Data entries:
________________________

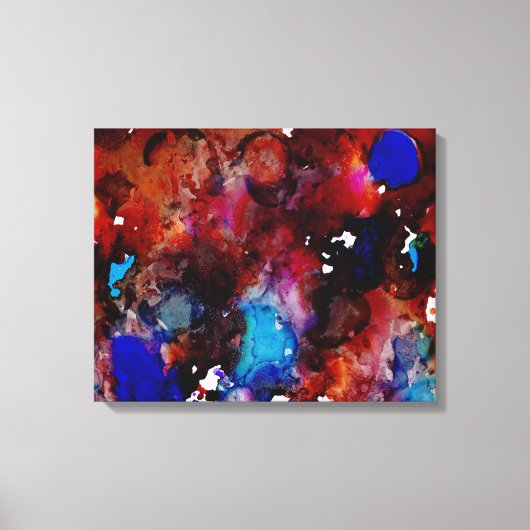 De liefde van de blauwe inkt canvas afdruk (Voorkant)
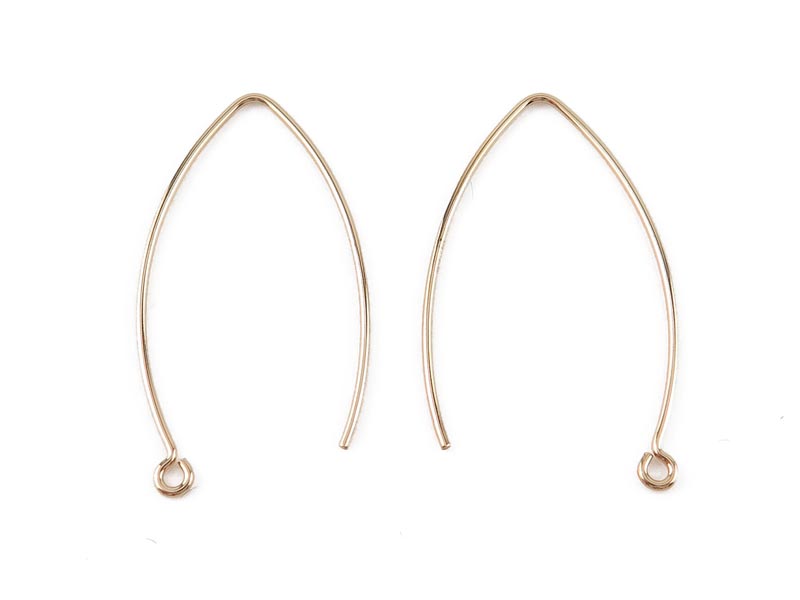 Gold Filled V Shape Ear Wire 32mm ~ PAIR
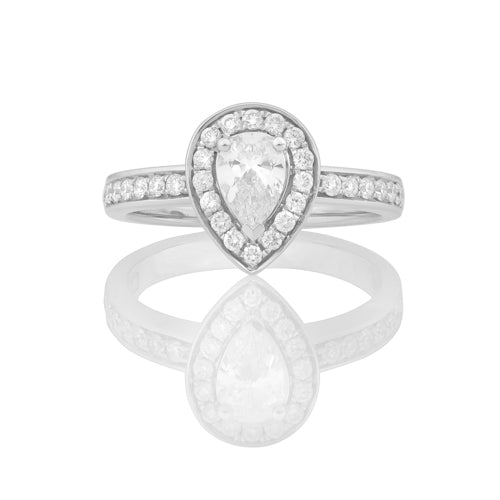 Alice Lab Grown Diamond Halo Pear Cut Engagement Ring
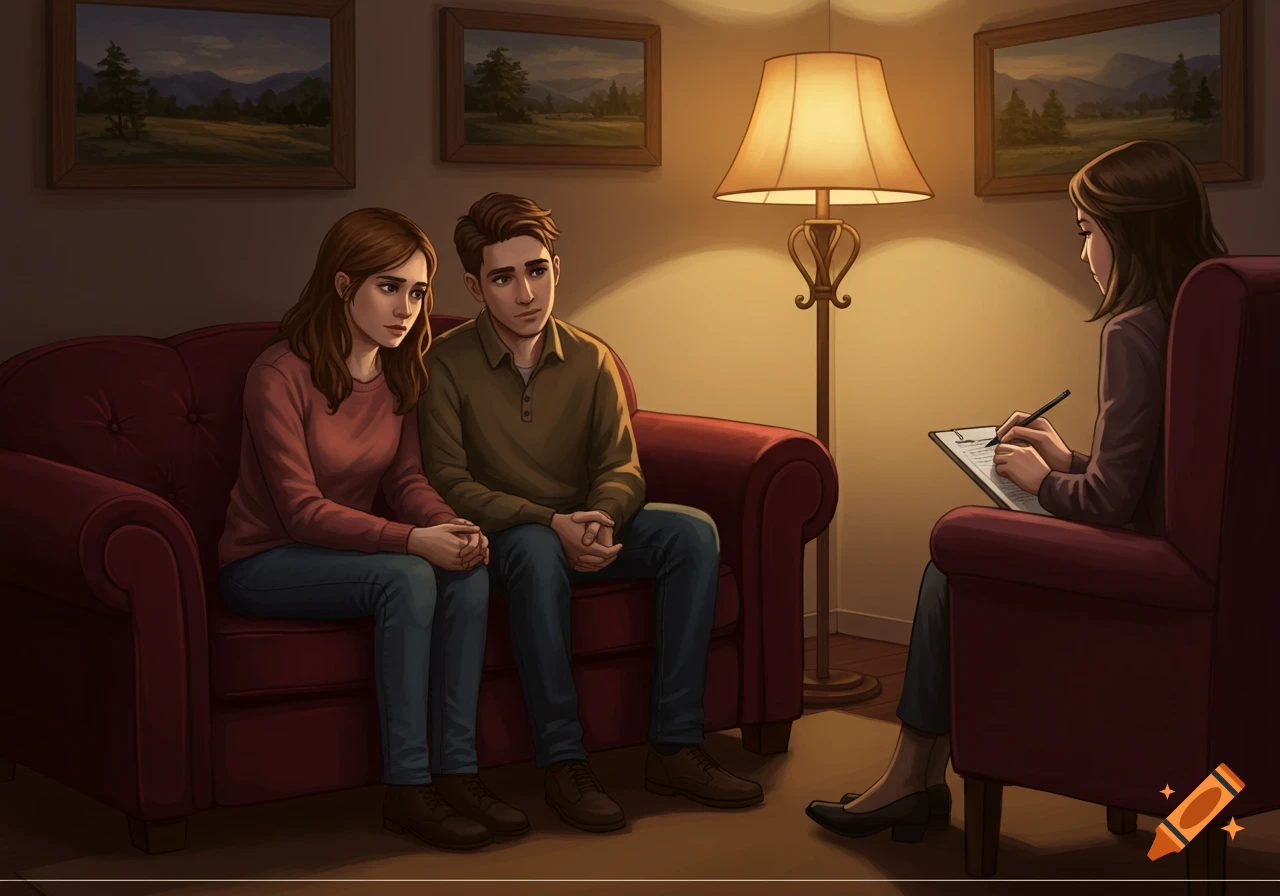 An illustration of a concerned couple sitting on a red sofa, facing a female therapist who is taking notes on a clipboard.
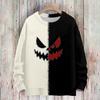 Women's Casual Long Sleeve Halloween Print Round Neck Knit Sweater Top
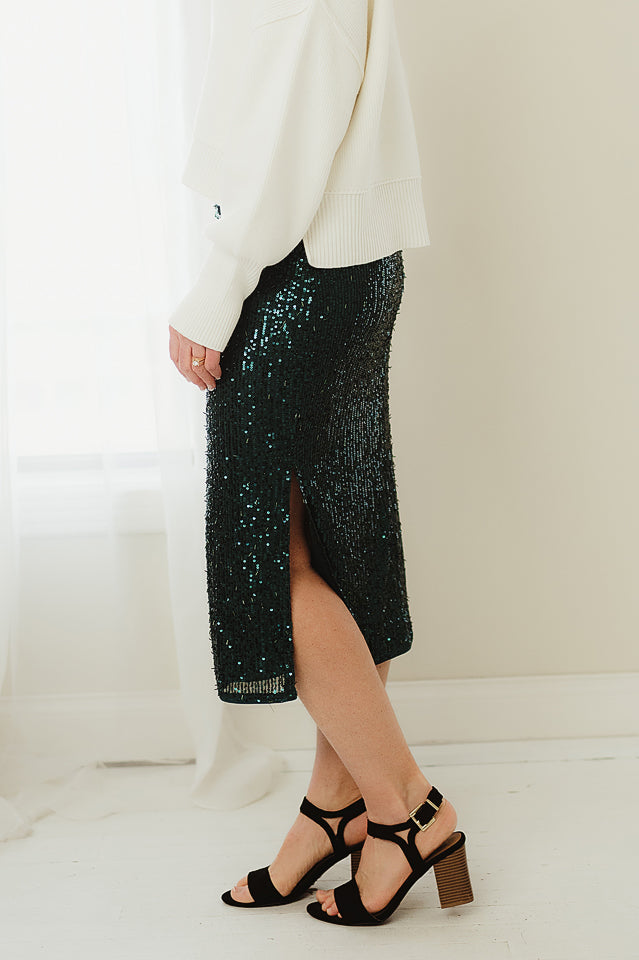 Sequin Midi Skirt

________________________

EXERCISE -> Leaving out the pictures, print exactly and only the lines from the one containing "Alice Lab Grown" through the last line of the records.

ANSWER BOX ->
 Alice Lab Grown Diamond Halo Pear Cut Engagement Ring
 An illustration of a concerned couple sitting on a red sofa, facing a female therapist who is taking notes on a clipboard.
 Women's Casual Long Sleeve Halloween Print Round Neck Knit Sweater Top
 Sequin Midi Skirt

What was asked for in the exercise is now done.